The dimension reduction method of two-grid Crank–Nicolson mixed finite element solution coefficient vectors for nonlinear fourth-order reaction diffusion equation with temporal fractional derivative

Abstract

Herein, we mainly resort to a proper orthogonal decomposition (POD) to study the dimension reduction of unknown solution coefficient vectors in the two-grid Crank–Nicolson mixed finite element (CNMFE) (TGCNMFE) method for the nonlinear fourth-order reaction diffusion equation with temporal fractional derivative and establish a new reduced-dimension extrapolated TGCNMFE (RDETGCNMFE) method. For this purpose, we firstly retrospect the TGCNMFE method for the nonlinear fourth-order reaction diffusion equation and provide the existence, unconditional stability, and error estimates of the TGCNMFE solutions.

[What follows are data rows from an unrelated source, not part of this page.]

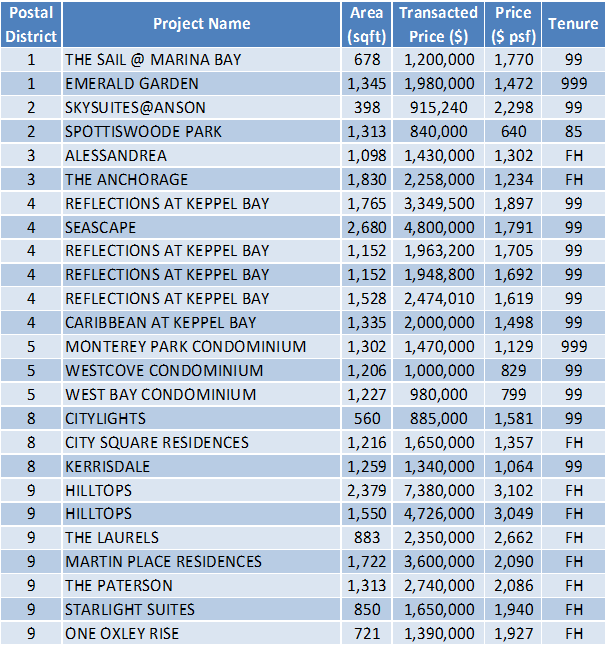 Non-Landed Residential Resale Property Transactions for the Week of October 16 – October 20
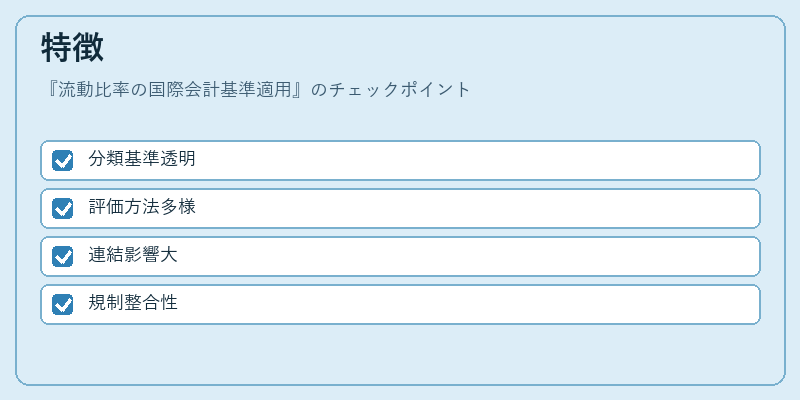 特徴(流動比率の国際会計基準適用)の図解
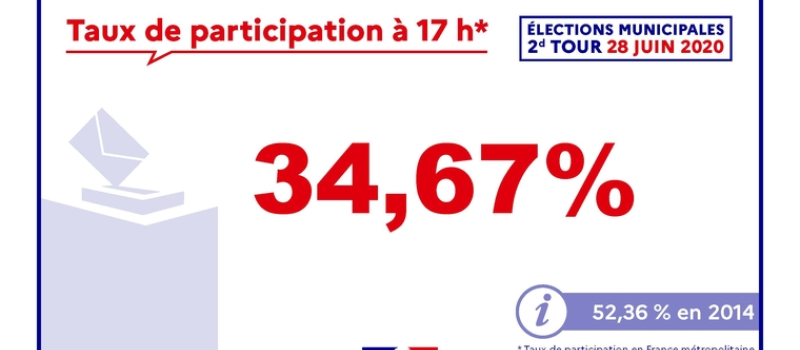 Record historique d'abstentions pour ce second tour d'élections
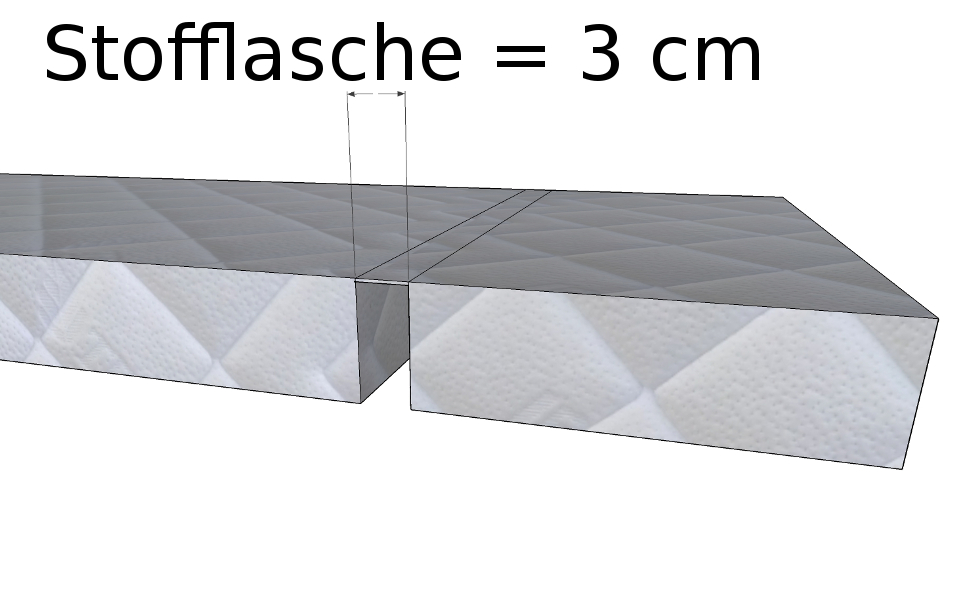 3 cm Stofflasche zwischen Kopfteil und Liegefläche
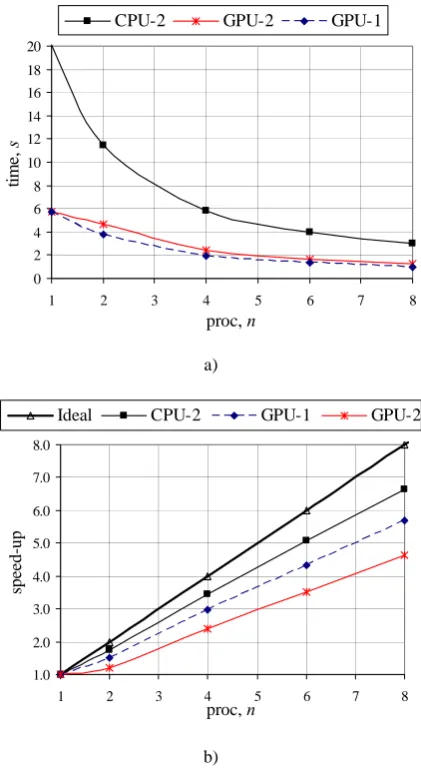 Figure 6. Rendering performance: (a) rendering time;  (b) parallel speed-up 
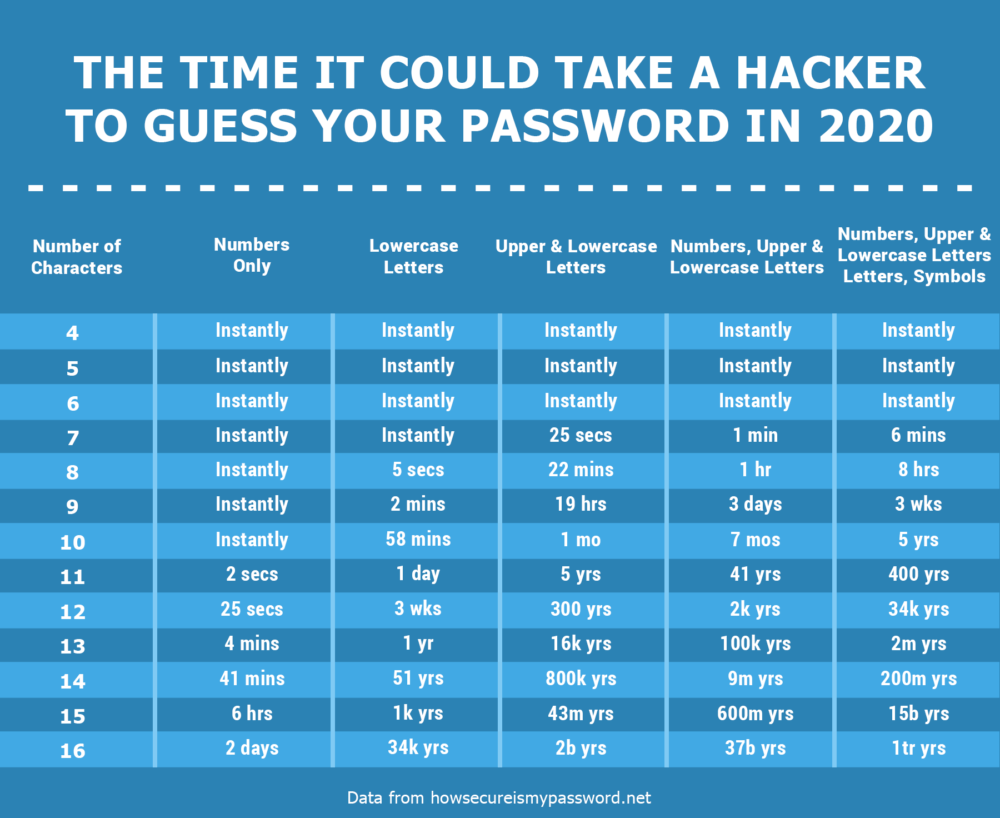 password security chart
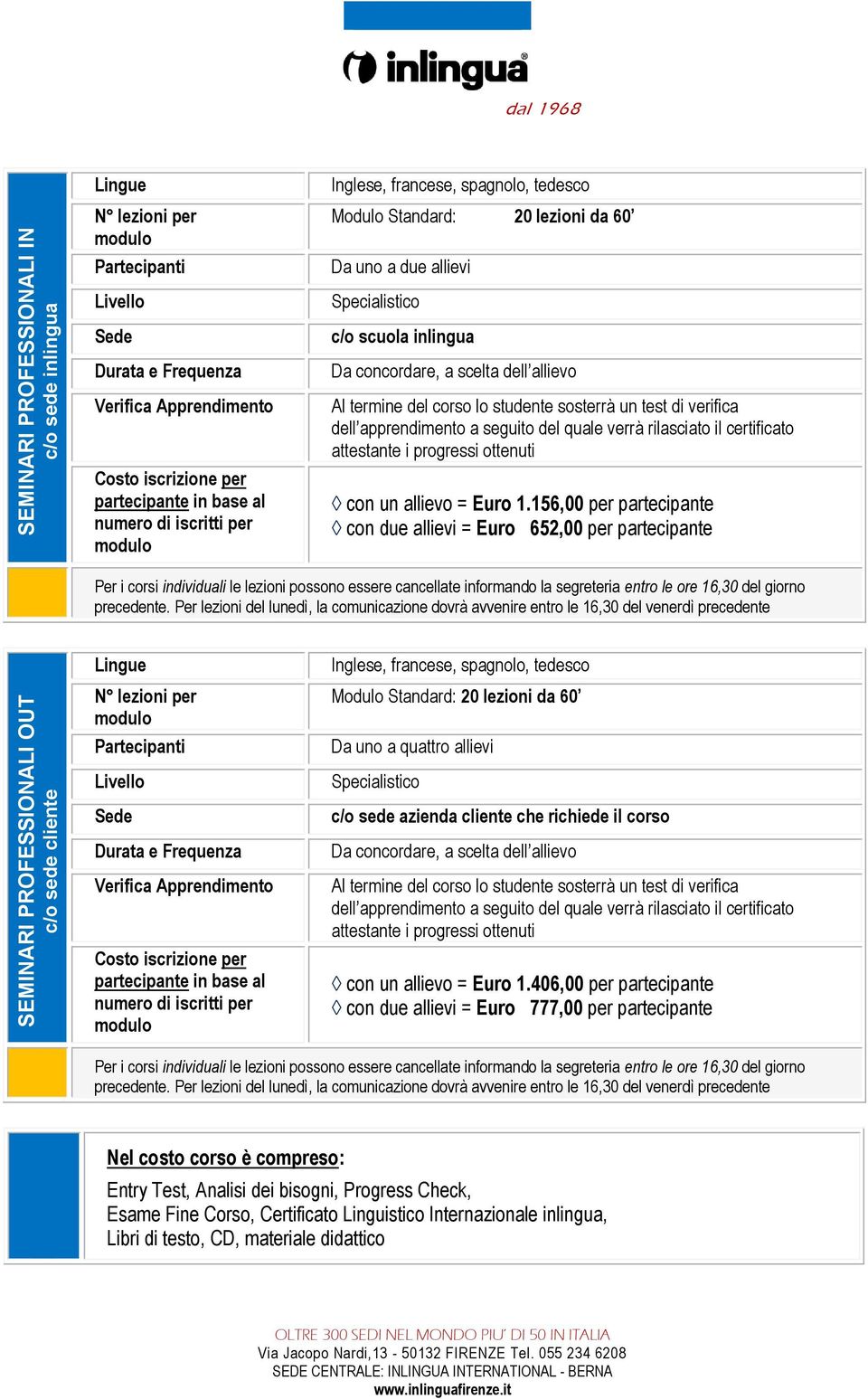 156,00 per partecipante con due allievi = Euro 652,00 per partecipante SEMINARI PROFESSIONALI OUT numero di iscritti per Inglese, francese, spagnolo, tedesco Modulo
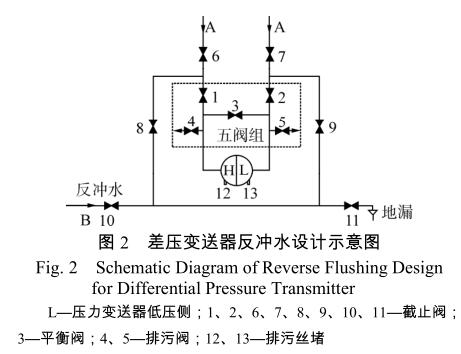 差压樱桃视频入口在线观看反冲水设计示意图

Thereafter, we use the POD method to reduce the dimensionality of the unknown TGCNMFE solution coefficient vectors of the nonlinear fourth-order reaction diffusion equation and develop the new RDETGCNMFE method, and use matrix analysis to analyze the existence, unconditional stability, and errors of the RDETGCNMFE solutions. Finally, we perform numerical experiments to verify our theoretical results and show the advantages of the RDETGCNMFE method. It is worth noting that the RDETGCNMFE method herein is completely distinguished from the existing ones. Hence, the work in this paper is brand-new.